## Exercise objective
Under no circumstances alter the records; copy each one exactly.

## Given information
#####

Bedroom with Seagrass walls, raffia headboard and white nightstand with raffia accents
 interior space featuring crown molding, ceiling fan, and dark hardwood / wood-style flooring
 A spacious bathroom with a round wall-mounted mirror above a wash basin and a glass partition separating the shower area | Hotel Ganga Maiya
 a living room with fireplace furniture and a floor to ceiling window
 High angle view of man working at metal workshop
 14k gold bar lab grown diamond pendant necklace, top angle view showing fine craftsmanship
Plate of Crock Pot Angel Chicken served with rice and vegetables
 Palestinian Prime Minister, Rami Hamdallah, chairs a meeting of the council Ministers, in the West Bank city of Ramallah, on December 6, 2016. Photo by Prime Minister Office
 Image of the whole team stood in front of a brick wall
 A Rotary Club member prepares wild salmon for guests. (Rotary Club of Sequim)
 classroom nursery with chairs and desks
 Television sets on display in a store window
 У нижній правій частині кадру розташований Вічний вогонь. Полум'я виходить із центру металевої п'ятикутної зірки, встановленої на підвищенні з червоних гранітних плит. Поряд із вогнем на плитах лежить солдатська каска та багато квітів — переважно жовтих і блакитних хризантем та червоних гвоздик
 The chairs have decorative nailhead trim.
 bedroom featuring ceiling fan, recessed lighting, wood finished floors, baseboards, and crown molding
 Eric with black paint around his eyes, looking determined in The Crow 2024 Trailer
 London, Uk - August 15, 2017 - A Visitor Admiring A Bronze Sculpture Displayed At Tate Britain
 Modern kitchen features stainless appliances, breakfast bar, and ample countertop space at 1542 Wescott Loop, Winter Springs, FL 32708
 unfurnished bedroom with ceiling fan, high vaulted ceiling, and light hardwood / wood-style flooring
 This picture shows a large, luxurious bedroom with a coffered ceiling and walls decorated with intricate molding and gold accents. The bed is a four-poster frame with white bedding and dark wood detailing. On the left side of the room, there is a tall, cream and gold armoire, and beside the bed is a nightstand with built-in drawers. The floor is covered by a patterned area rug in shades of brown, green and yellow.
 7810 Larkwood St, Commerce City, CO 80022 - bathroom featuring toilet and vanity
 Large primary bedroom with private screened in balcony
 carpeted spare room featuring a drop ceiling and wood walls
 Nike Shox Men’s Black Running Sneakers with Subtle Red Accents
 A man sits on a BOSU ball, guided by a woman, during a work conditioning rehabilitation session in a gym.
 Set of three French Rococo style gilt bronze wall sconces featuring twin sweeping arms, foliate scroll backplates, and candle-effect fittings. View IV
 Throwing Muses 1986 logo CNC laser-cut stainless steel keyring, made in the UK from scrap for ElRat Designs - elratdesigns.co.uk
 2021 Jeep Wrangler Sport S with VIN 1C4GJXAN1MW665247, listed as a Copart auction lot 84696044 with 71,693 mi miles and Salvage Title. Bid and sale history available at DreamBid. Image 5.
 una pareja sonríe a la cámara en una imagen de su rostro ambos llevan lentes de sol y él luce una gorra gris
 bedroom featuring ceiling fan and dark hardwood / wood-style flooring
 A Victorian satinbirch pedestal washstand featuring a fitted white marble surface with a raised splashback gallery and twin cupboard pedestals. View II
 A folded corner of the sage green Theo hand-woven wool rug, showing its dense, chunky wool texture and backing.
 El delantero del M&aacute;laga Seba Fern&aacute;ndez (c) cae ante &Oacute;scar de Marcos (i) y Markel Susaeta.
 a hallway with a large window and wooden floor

#####

## Result for this exercise
Bedroom with Seagrass walls, raffia headboard and white nightstand with raffia accents
 interior space featuring crown molding, ceiling fan, and dark hardwood / wood-style flooring
 A spacious bathroom with a round wall-mounted mirror above a wash basin and a glass partition separating the shower area | Hotel Ganga Maiya
 a living room with fireplace furniture and a floor to ceiling window
 High angle view of man working at metal workshop
 14k gold bar lab grown diamond pendant necklace, top angle view showing fine craftsmanship
Plate of Crock Pot Angel Chicken served with rice and vegetables
 Palestinian Prime Minister, Rami Hamdallah, chairs a meeting of the council Ministers, in the West Bank city of Ramallah, on December 6, 2016. Photo by Prime Minister Office
 Image of the whole team stood in front of a brick wall
 A Rotary Club member prepares wild salmon for guests. (Rotary Club of Sequim)
 classroom nursery with chairs and desks
 Television sets on display in a store window
 У нижній правій частині кадру розташований Вічний вогонь. Полум'я виходить із центру металевої п'ятикутної зірки, встановленої на підвищенні з червоних гранітних плит. Поряд із вогнем на плитах лежить солдатська каска та багато квітів — переважно жовтих і блакитних хризантем та червоних гвоздик
 The chairs have decorative nailhead trim.
 bedroom featuring ceiling fan, recessed lighting, wood finished floors, baseboards, and crown molding
 Eric with black paint around his eyes, looking determined in The Crow 2024 Trailer
 London, Uk - August 15, 2017 - A Visitor Admiring A Bronze Sculpture Displayed At Tate Britain
 Modern kitchen features stainless appliances, breakfast bar, and ample countertop space at 1542 Wescott Loop, Winter Springs, FL 32708
 unfurnished bedroom with ceiling fan, high vaulted ceiling, and light hardwood / wood-style flooring
 This picture shows a large, luxurious bedroom with a coffered ceiling and walls decorated with intricate molding and gold accents. The bed is a four-poster frame with white bedding and dark wood detailing. On the left side of the room, there is a tall, cream and gold armoire, and beside the bed is a nightstand with built-in drawers. The floor is covered by a patterned area rug in shades of brown, green and yellow.
 7810 Larkwood St, Commerce City, CO 80022 - bathroom featuring toilet and vanity
 Large primary bedroom with private screened in balcony
 carpeted spare room featuring a drop ceiling and wood walls
 Nike Shox Men’s Black Running Sneakers with Subtle Red Accents
 A man sits on a BOSU ball, guided by a woman, during a work conditioning rehabilitation session in a gym.
 Set of three French Rococo style gilt bronze wall sconces featuring twin sweeping arms, foliate scroll backplates, and candle-effect fittings. View IV
 Throwing Muses 1986 logo CNC laser-cut stainless steel keyring, made in the UK from scrap for ElRat Designs - elratdesigns.co.uk
 2021 Jeep Wrangler Sport S with VIN 1C4GJXAN1MW665247, listed as a Copart auction lot 84696044 with 71,693 mi miles and Salvage Title. Bid and sale history available at DreamBid. Image 5.
 una pareja sonríe a la cámara en una imagen de su rostro ambos llevan lentes de sol y él luce una gorra gris
 bedroom featuring ceiling fan and dark hardwood / wood-style flooring
 A Victorian satinbirch pedestal washstand featuring a fitted white marble surface with a raised splashback gallery and twin cupboard pedestals. View II
 A folded corner of the sage green Theo hand-woven wool rug, showing its dense, chunky wool texture and backing.
 El delantero del M&aacute;laga Seba Fern&aacute;ndez (c) cae ante &Oacute;scar de Marcos (i) y Markel Susaeta.
 a hallway with a large window and wooden floor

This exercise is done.